It will be better to stay in your existing town and allow them to arrest you on false charges. Jesus did not tell us to flee and hide, but said it would be a time to serve as witnesses. We have nowhere to go and nothing to hide. Evil will come for us. We will be unable to stop it. No election, location, or munition can be your salvation. Only God in Heaven controls your destiny. Trust Him and you will always end up where you’re supposed to be.
The world wants us to run. They want us paranoid. It proves them right. Loading up on ammunition and retreating into the woods is an old stereotype by now. The wicked flee when no one is pursuing, but the righteous are bold as a lion. Stand and fight the only war that matters: the war to remain a light to the world.

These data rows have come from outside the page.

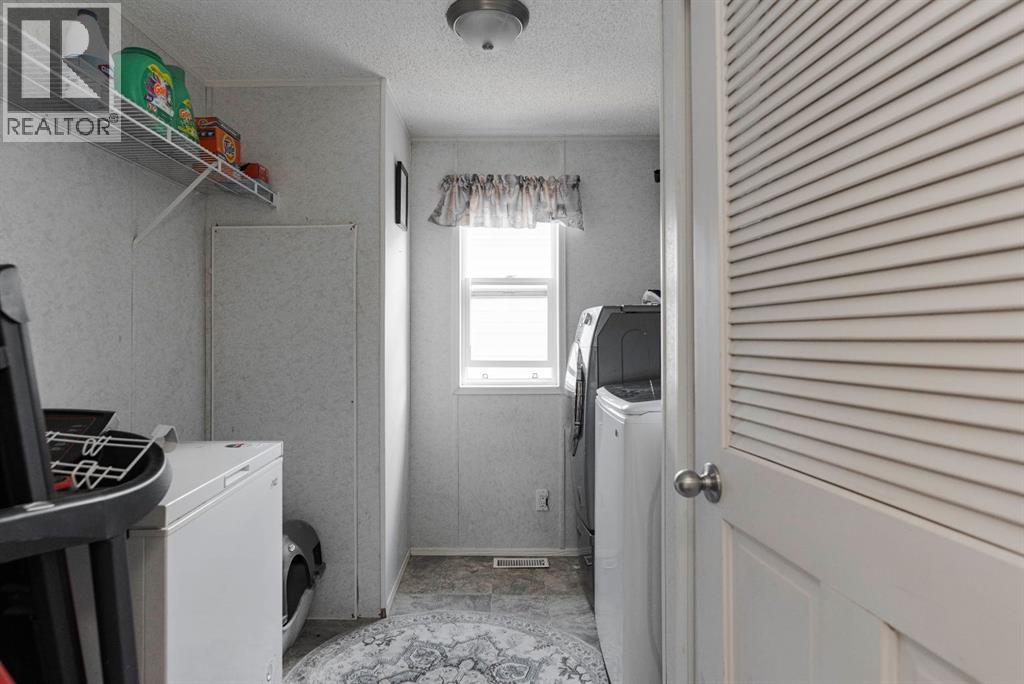 521 Mckinlay Crescent - 24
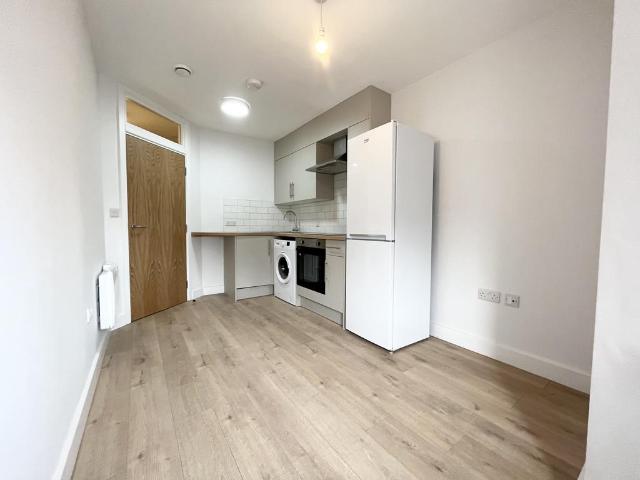 Westgate, Peterborough PE1 1 bed apartment to rent £800 pcm £185 pw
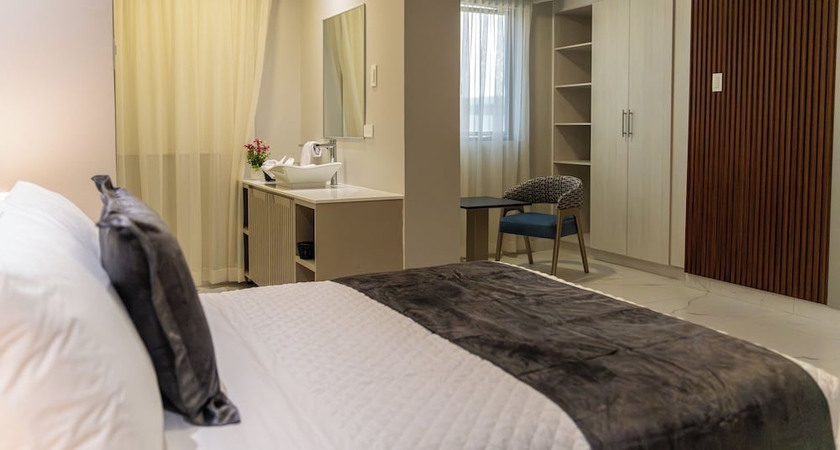 Imagen de la habitación del Hotel DSH. Foto 10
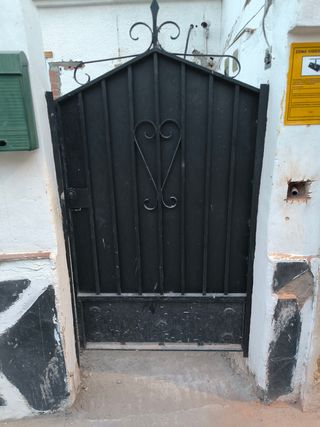 Puerta + valla 4 m. + 3 rejas a conjunto todo 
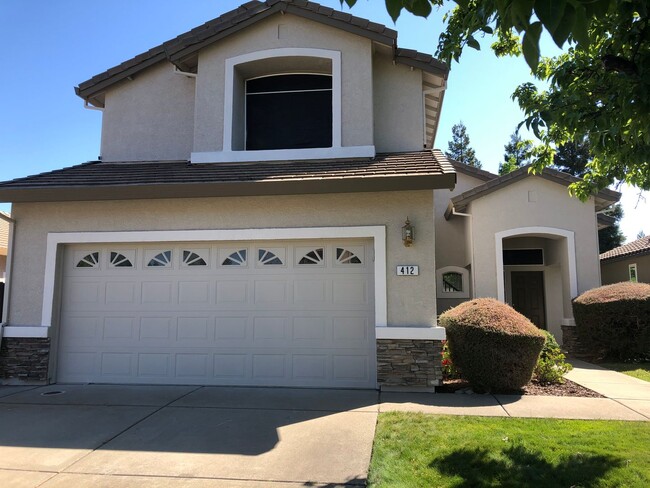 Gorgeous Folsom Home with full bed and bat... - Gorgeous Folsom Home with full bed and bat...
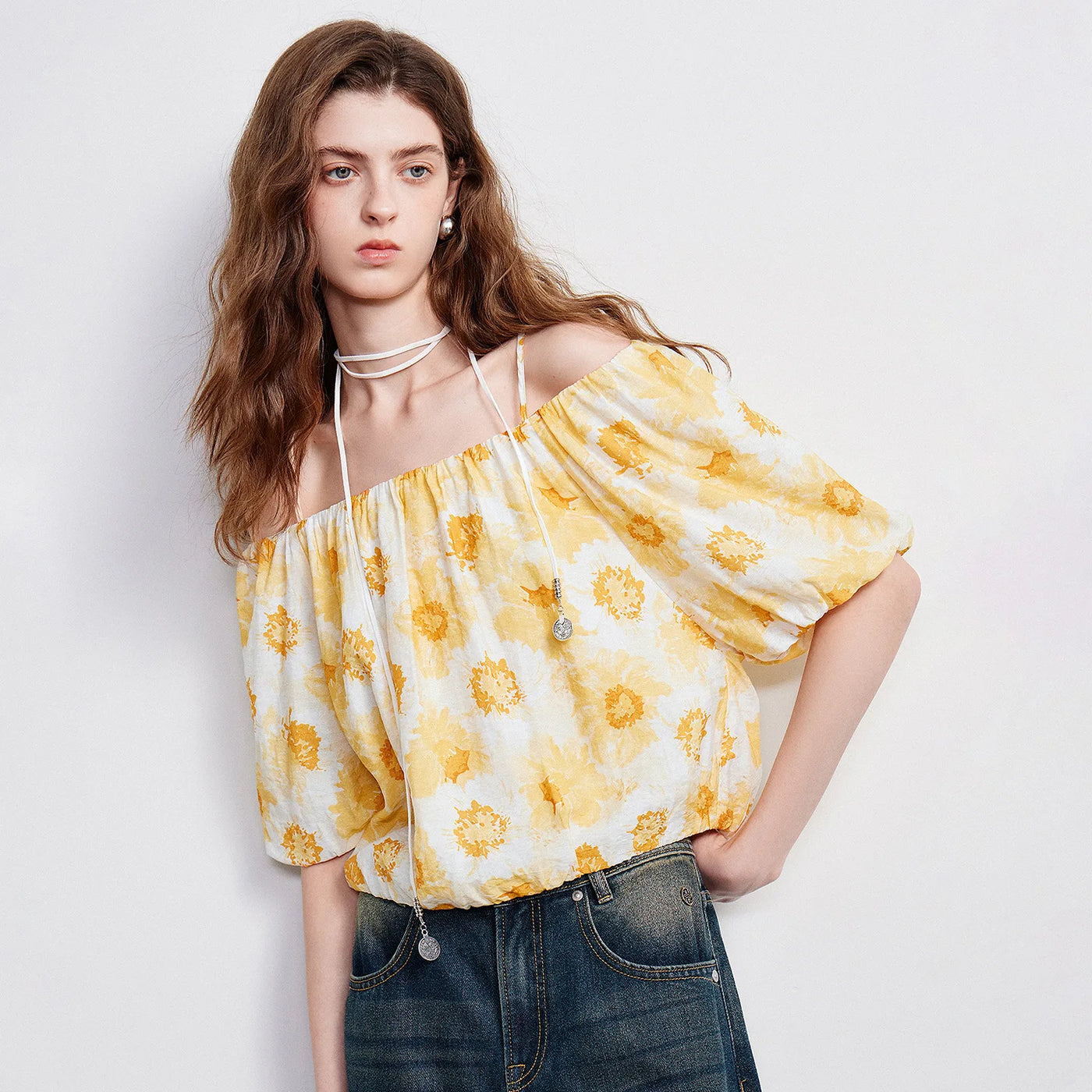 Blusa Feminina Ombro a Ombro com Estampa Artística
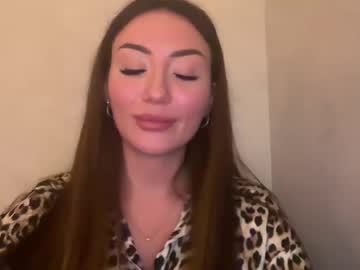 Bella_Foxxi Chaturbate stream image from December 26, 2024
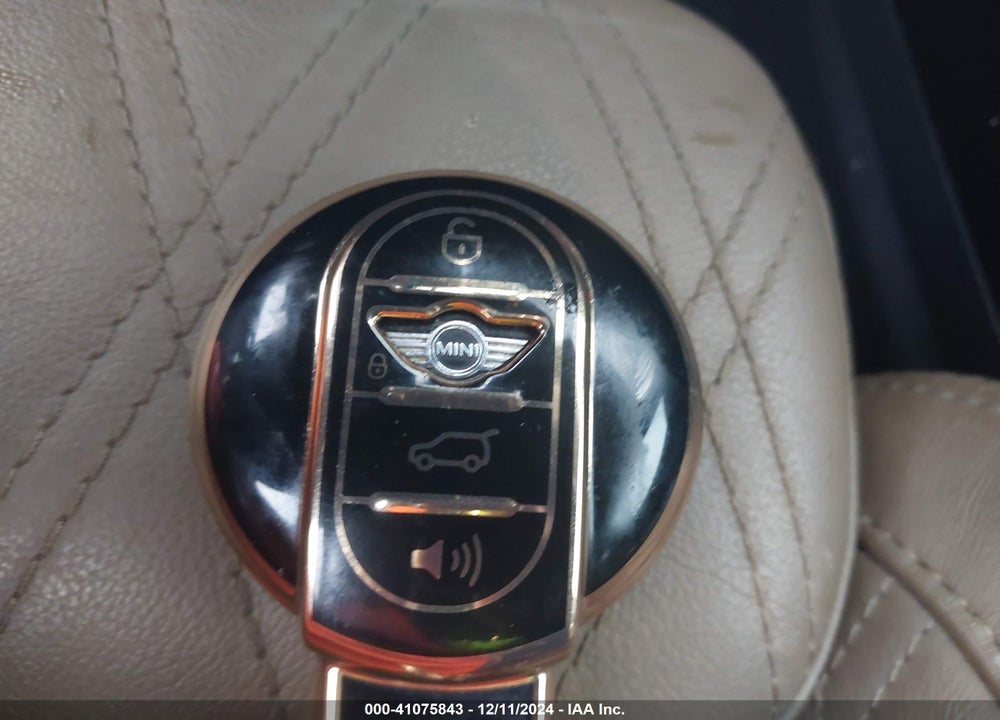 2017 MINI COUNTRYMAN COOPER S VIN: WMZYT3C39H3D99067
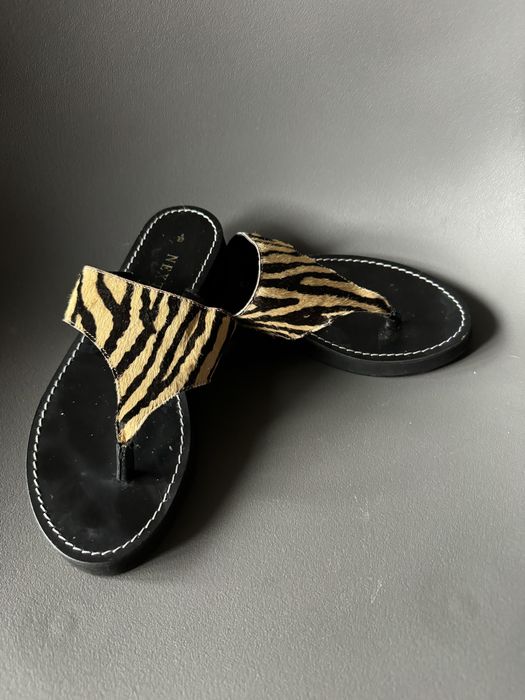 Шлепанцы. Шлепки. Сабо. Шлепанці. Мюлі. Некст. Шкіра. Сандалії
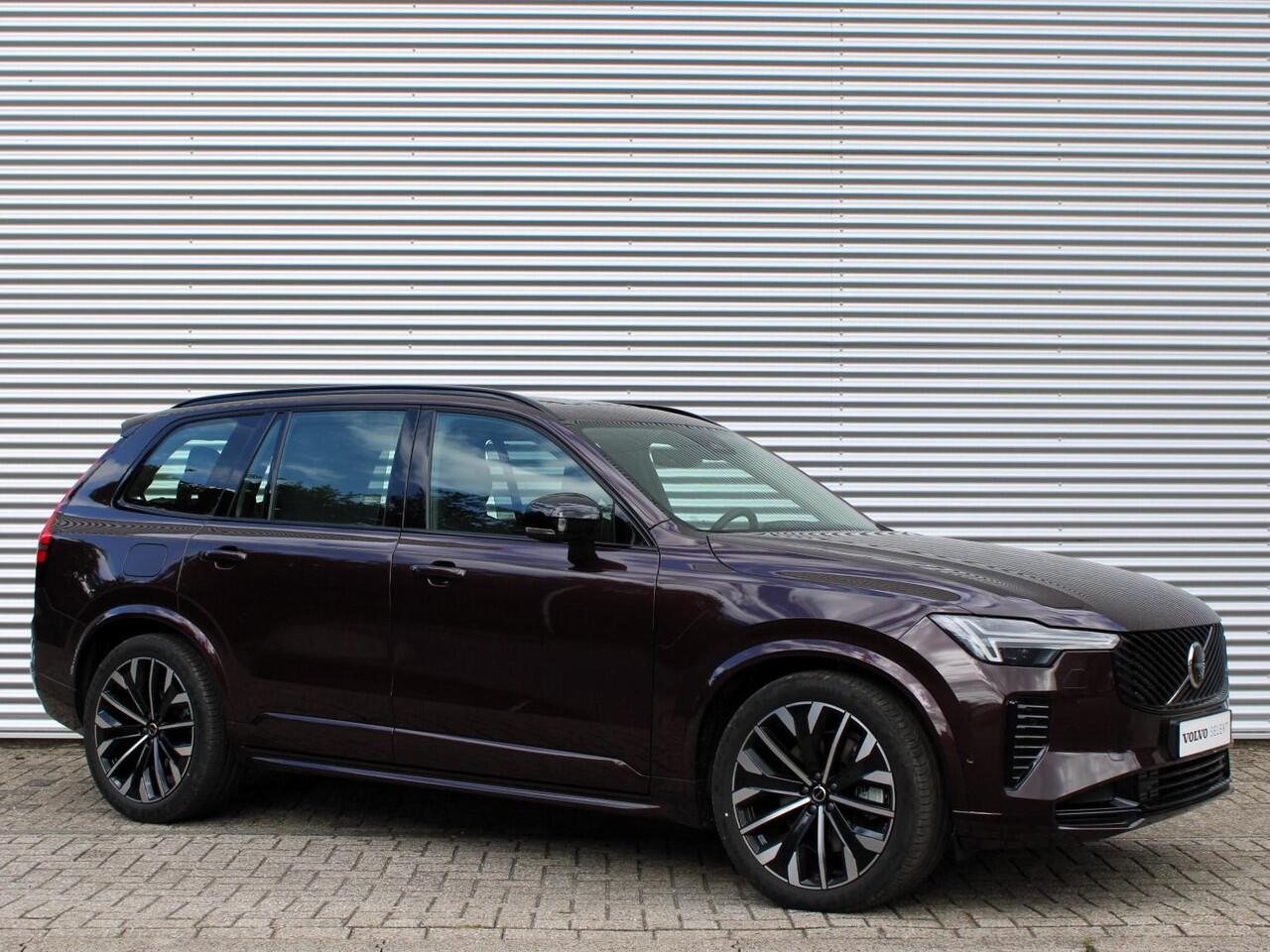 Volvo XC90 2.0 T8 Plug-in hybrid AWD Ultra Dark Automaat / Panoramadak / Luchtvering / Bowers&Wilkens audio / Trekhaak / Massage voorstoelen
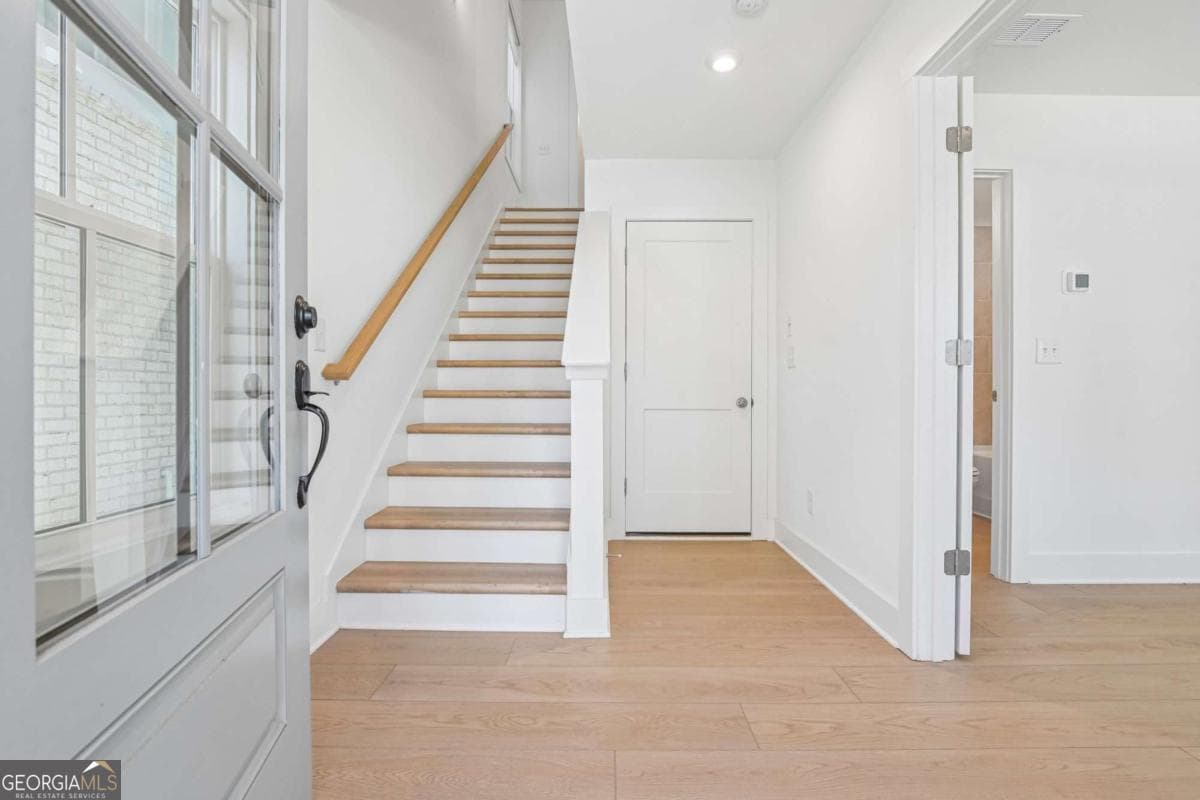 4 bedroom, 3.5 bathroom, 1,820 sq ft single family residence for sale at 119 Pinecone Parkway, Alpharetta, GA 30022 — photo 6
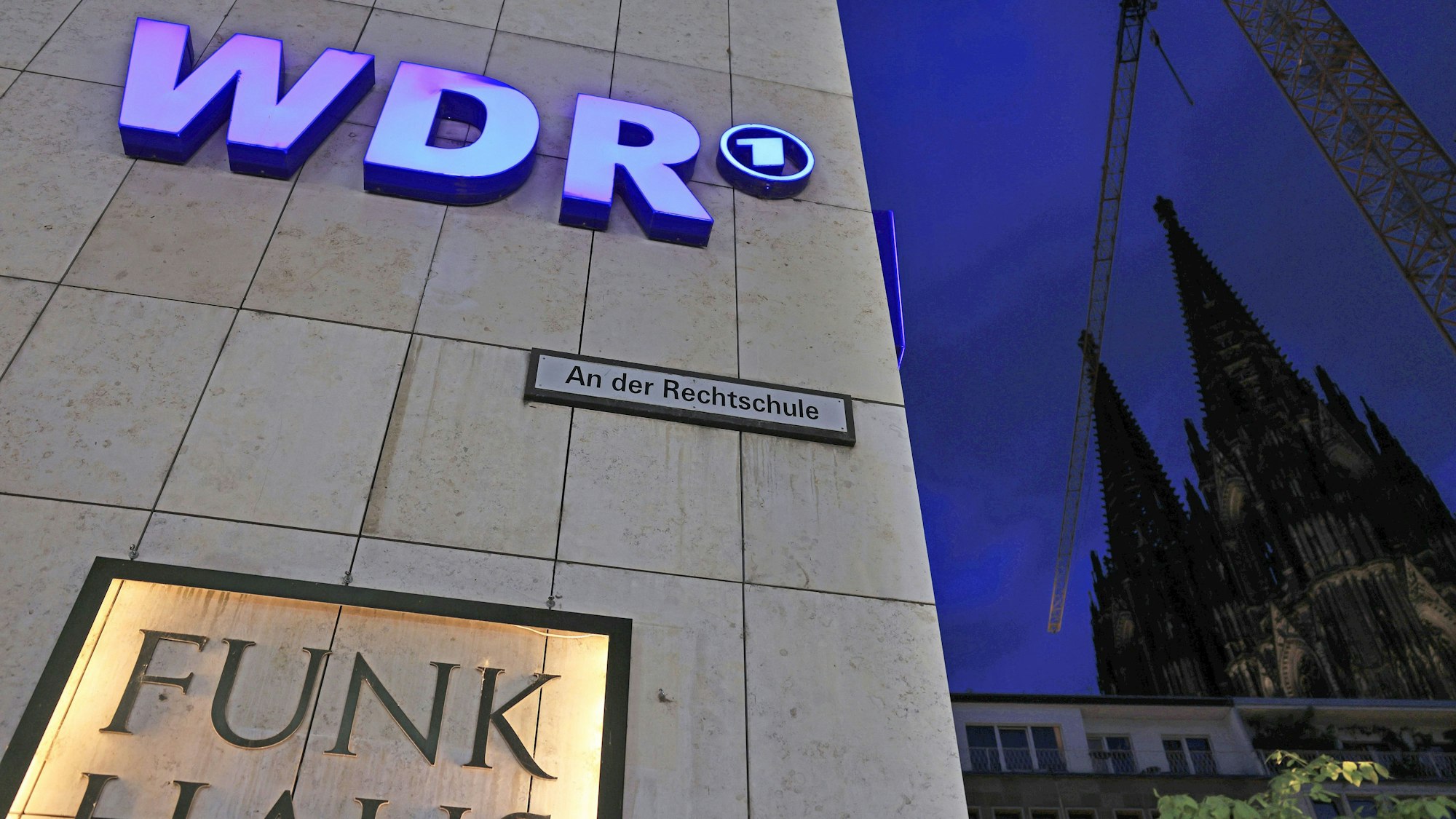 Ein Logo des WDR (Westdeutscher Rundfunk) hängt am Funkhaus Wallrafplatz.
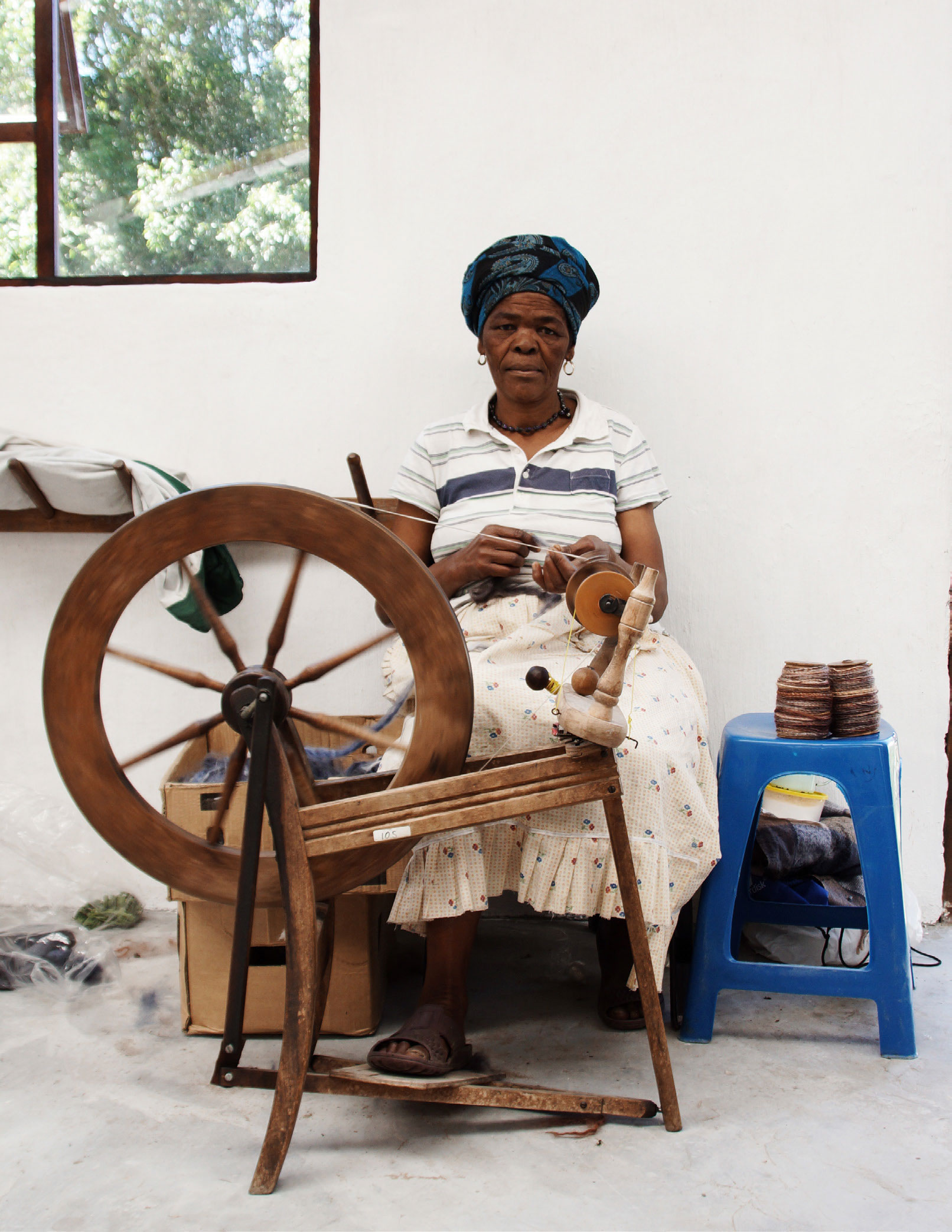Adeles Mohair i Sydafrika laver nogle af de færdige strikvarer, Annette har i sin butik. Her håndspindes der, og Adeles Mohair skaber arbejde til kvinder i området.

You are the light of the world. A city on a hill cannot be hidden.
—Matthew 5:14
Redoubts are hidden. Refuge is hidden. We are meant to be seen. We are meant to shine forth when everything else is darkness. When winter closes in, where will people turn for warmth? Indeed, the very cross of Jesus was on a hill, and he was raised up for the world to see, stripped and bloodied, hiding nothing. That is our example and our Savior.
It's better to testify before wicked people than to exist in an echo chamber. Tell them to bring it on. We all die anyways. Is not our very lives in the hands of God? Is it in a gun? Or land? Or money? Or connections?
If we accept reality if what it is, we look to the future promise and this world can go to hell.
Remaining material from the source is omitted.